Research On Image Matching Algorithm And Its High Speed Parallel Implementation

The image matching has been widely used in stereo vision, image mosaicing, image retrieval, photogrammetry and remote sensing, resource analysis, three-dimensional reconstruction and object recognition, and other fields, and it has been the focus of researchers. To meet the requirements for real-time, normalized cross correlation template matching, SIFT algorithm, and their high speed parallel implementation based on FPGA to improve the speed performance of the system are studied in this paper.For image matching based region, template matching based on normalized cross-correlation (NCC) measure is maily studied.

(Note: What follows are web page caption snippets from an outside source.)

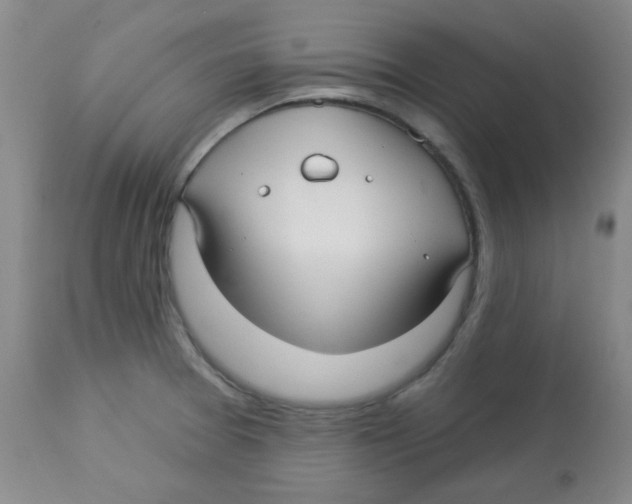 X0000113961377200910232019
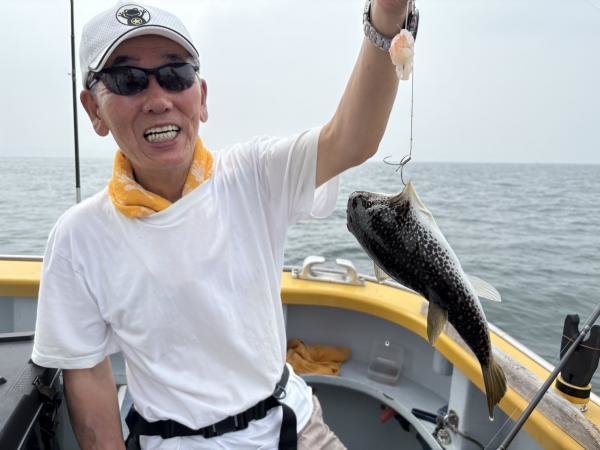 ショウサイフグ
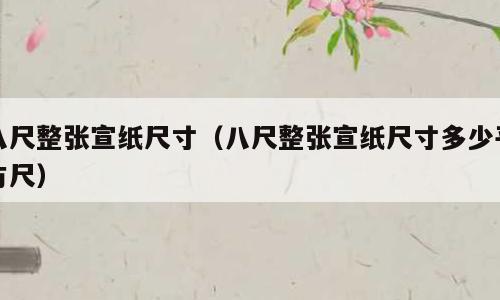 八尺整张宣纸尺寸（八尺整张宣纸尺寸多少平方尺）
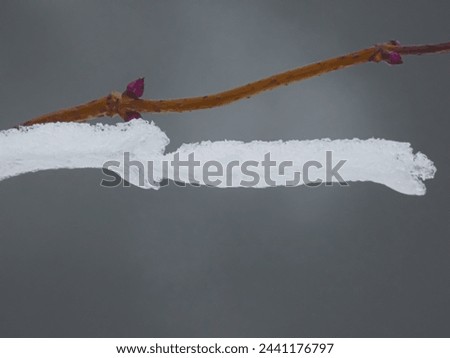 iced branch in front of a grey backround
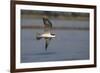 African skimmer (Rhynchops flavirostris), Chobe River, Botswana, Africa-Ann and Steve Toon-Framed Photographic Print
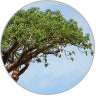 Baobab_tree_2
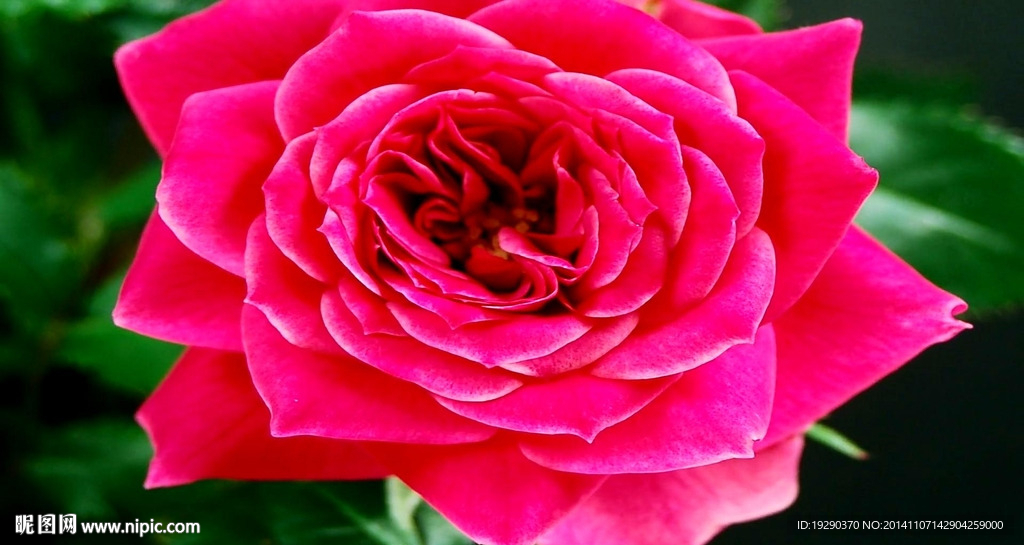 高清花开视频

To improve the location accuracy and speed performance, combined with the Sobel edge detection, a improved high-speed parallel architecture for real-time implementation of template matching with NCC, using field programmable gate array (FPGA) are proposed in this paper. In this architecture, several novel efficient approaches are proposed to reduce logic resource usage and computation time. A comparative study of the template matching before and after image edge detection has shown that image edge detection can sharpen the ridge of the NCC results. Function and timing simulation and practical experiment for automatic target recognition applied in infrared missile guidance system have shown that this architecture can effectively improve the speed performance of the practical system with little extra computation time. Furthermore, the hardware implementation based on FPGA can reduce the system size.For image matching based feature, SIFT and PCA-SIFT are mainly studied in detail. Simulation results based on the real images for a comparative study are given. To improve the speed performance, a high-speed parallel architecture for real-time implementation of SIFT algorithm is proposed. In this architecture, many strategies are proposed to to reduce logic resource usage including efficient parallism stategies, CORDIC algorithm and fixed point operation. Furthermore, NIOS II microprocessor is also used to provide more flexibility to implement PCA-SIFT algorithm through a simple software modification in NIOS II microprocessor.